- Kalagh Neshin Location within Iran
- Coordinates: 34°41′40″N 50°25′37″E﻿ / ﻿34.69444°N 50.42694°E
- Country: Iran
- Province: Qom
- County: Jafarabad
- District: Central
- Rural District: Baqerabad

Population (2016)
- • Total: 78
- Time zone: UTC+3:30 (IRST)

= Kalagh Neshin, Qom =

Village in Qom province, Iran

Kalagh Neshin (كلاغ نشين) (Note: Also romanized as Kalāgh Neshīn) is a village in Baqerabad Rural District of the Central District (Note: Formerly Jafarabad District of Qom County) in Jafarabad County, Qom province, Iran.

==Demographics==
===Population===
At the time of the 2006 National Census, the village's population was 60 in 20 households, when it was in Jafarabad Rural District of Jafarabad District (Note: Renamed the Central District of Jafarabad County) in Qom County.

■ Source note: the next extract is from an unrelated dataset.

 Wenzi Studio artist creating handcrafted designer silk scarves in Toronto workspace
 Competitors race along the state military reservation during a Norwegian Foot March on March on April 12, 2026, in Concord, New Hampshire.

The following census in 2011 counted 66 people in 20 households. The 2016 census measured the population of the village as 78 people in 25 households.

In 2021, the district was separated from the county in the establishment of Jafarabad County and renamed the Central District. Kalagh Neshin was transferred to Baqerabad Rural District created in the same district.